PROMPT:
Copying rule for the data below: take the line containing "Roll Retro Girl" and every line after it to the end, exactly, and drop all pictures.

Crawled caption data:
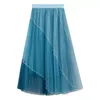 Kjolar kvinnor tyll 2024 mode elastiska midja mesh tutu kjol eleganta damer a-line veckade faldas mujer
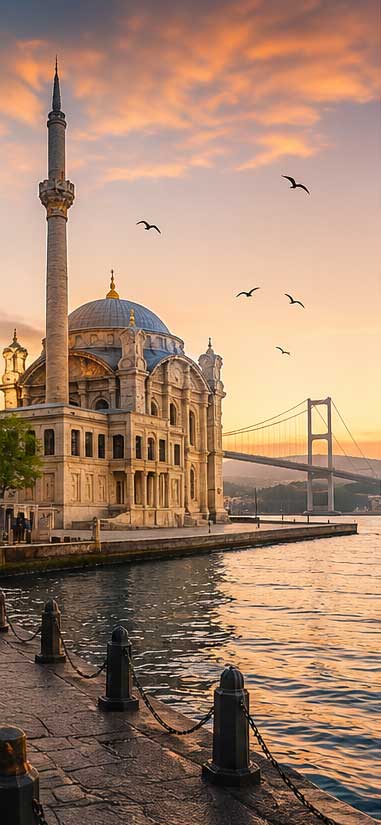 Mezquita y paisaje urbano de Estambul en Turquía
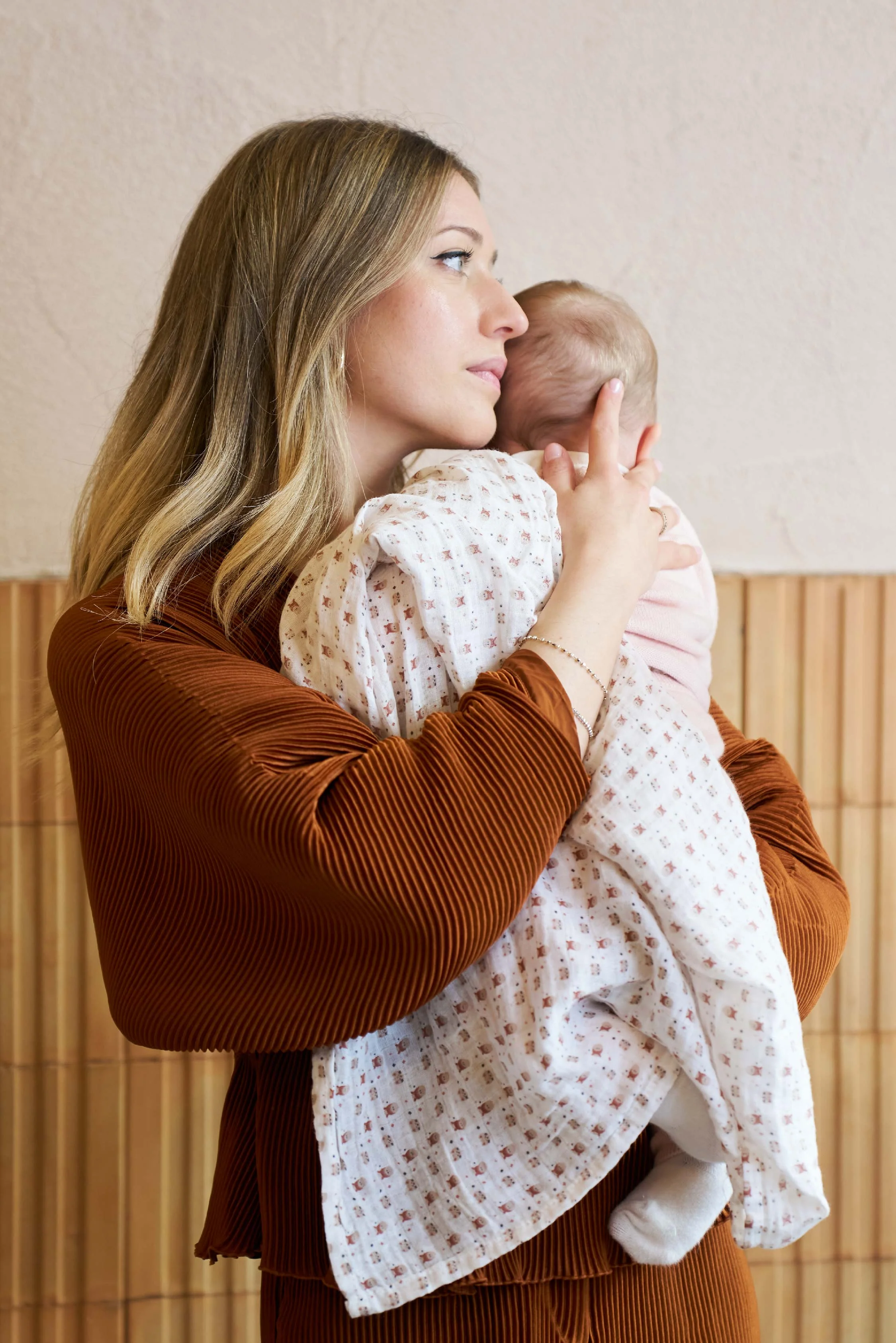 SOFT TOUCH 80x80 Newborn muslin cloths - Earth Red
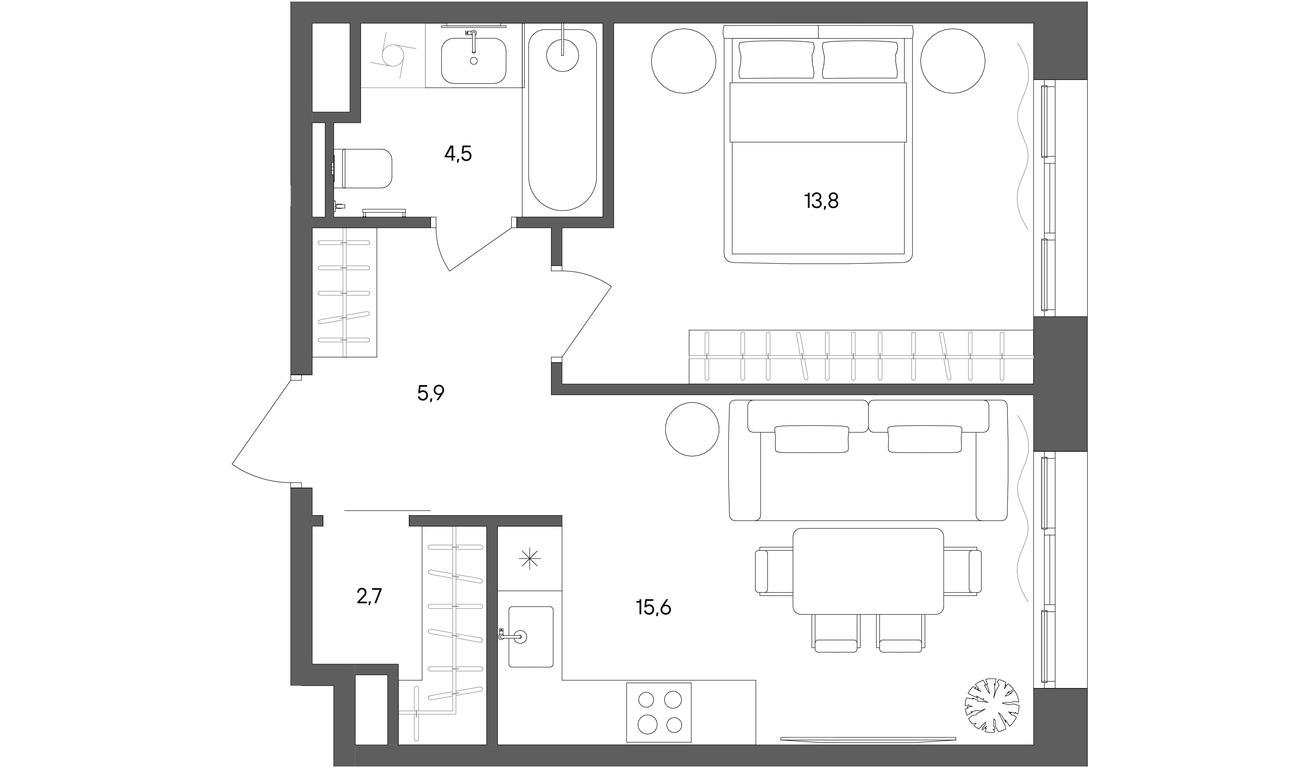 1-BD Apartment Sale, 42.5 sq. m. at Sokolniki (Sokolniki), Gastello Street, Moscow, Russia #1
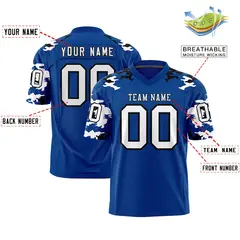 Royal White-Black Camo Authentic Football Jersey 2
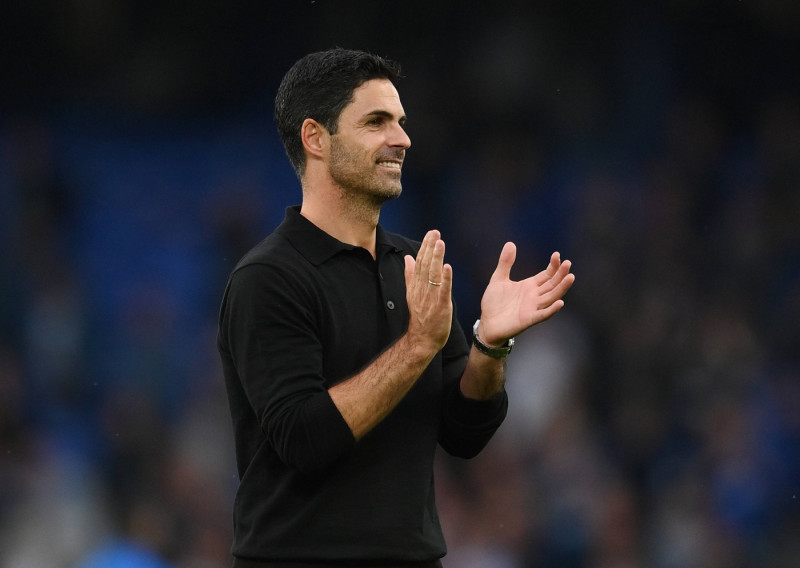 Liverpool, England, 17th September 2023. Mikel Arteta manager of Arsenal applauds the fans during the Premier League mat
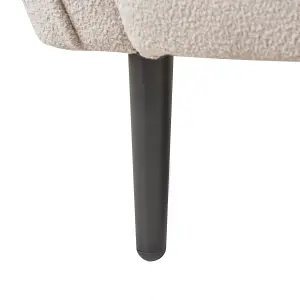 Left Hand Boucle Chaise Lounge Light Beige CHEVANNES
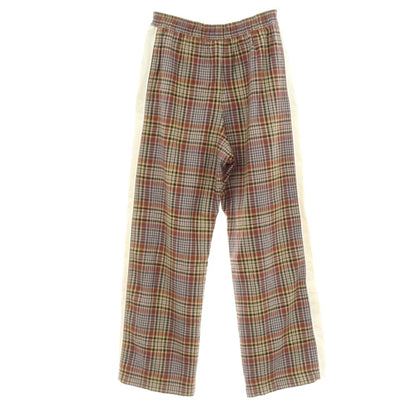 【中古】アルワリア AHLUWALIA ストレッチ コットンウール チェック イージーパンツ ベージュxブラウン【 M 】【 状態ランクB 】【 メンズ 】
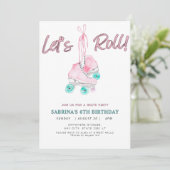 Roll Retro Girl Skaten Geburtstagsparty Einladung (Stehend Vorderseite)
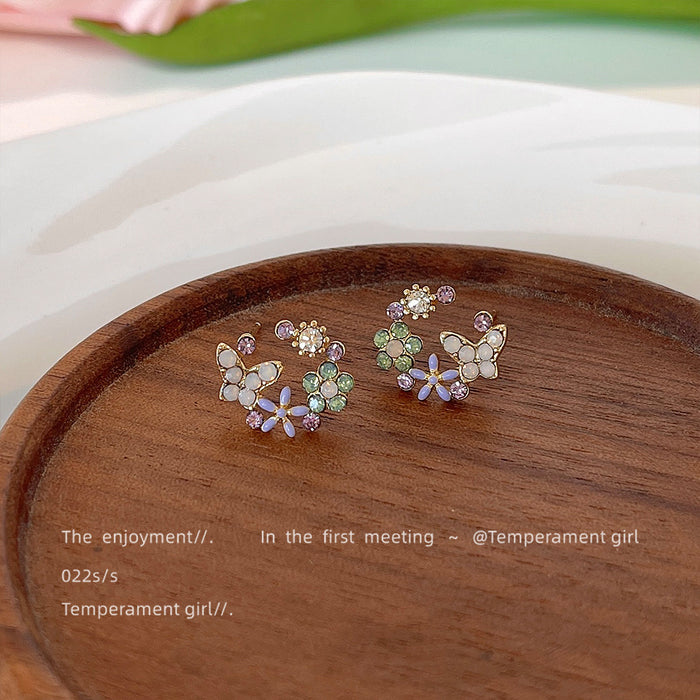 Gold Tone Multicolor Stone Floral Wreath Stud Earrings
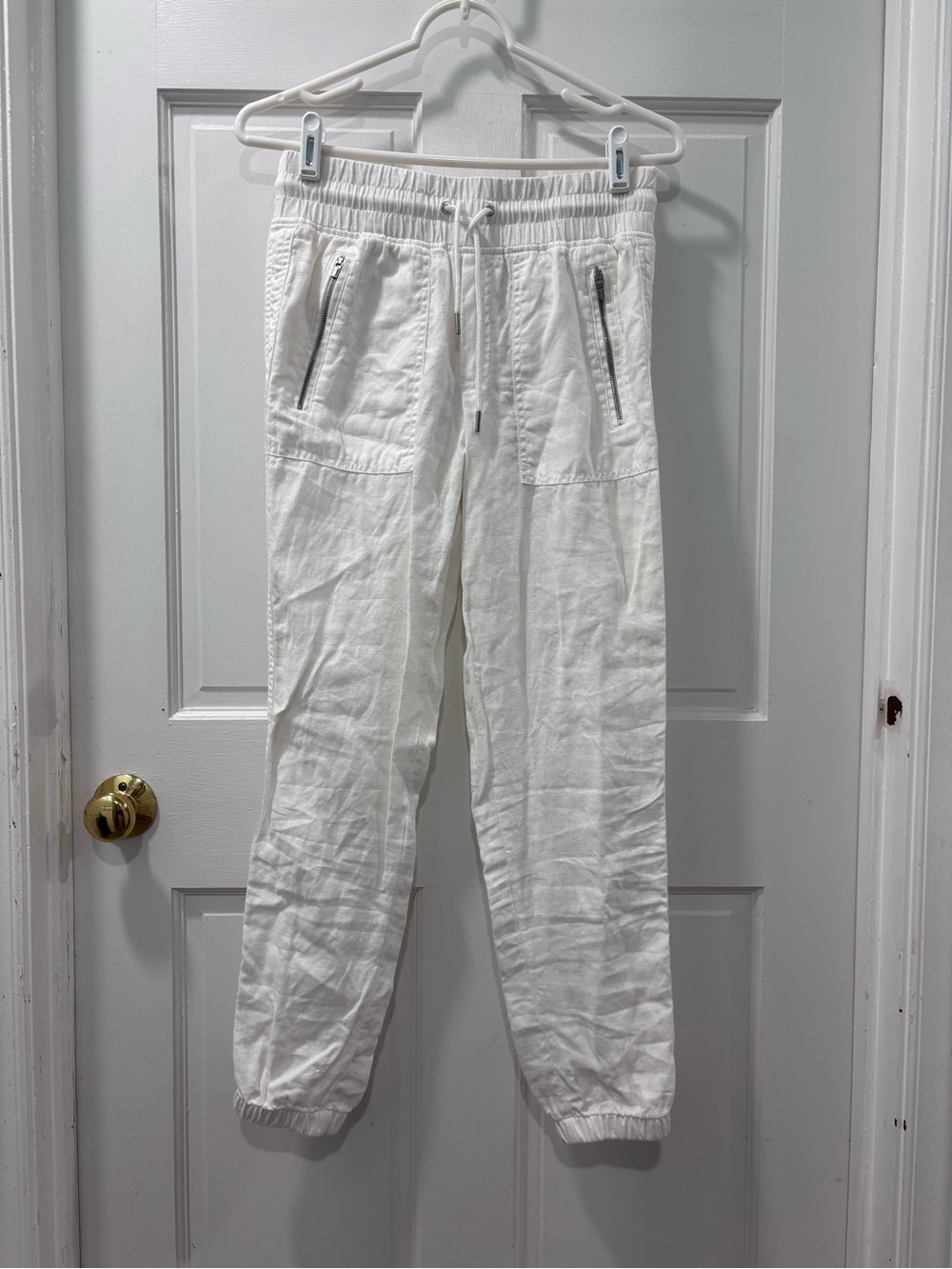 Athleta Women’s Cabo 100% Linen Joggers Size 0 White Lightweight Athleisure - Picture 2 of 9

WRITTEN SOLUTION:
 Roll Retro Girl Skaten Geburtstagsparty Einladung (Stehend Vorderseite)
 Gold Tone Multicolor Stone Floral Wreath Stud Earrings
 Athleta Women’s Cabo 100% Linen Joggers Size 0 White Lightweight Athleisure - Picture 2 of 9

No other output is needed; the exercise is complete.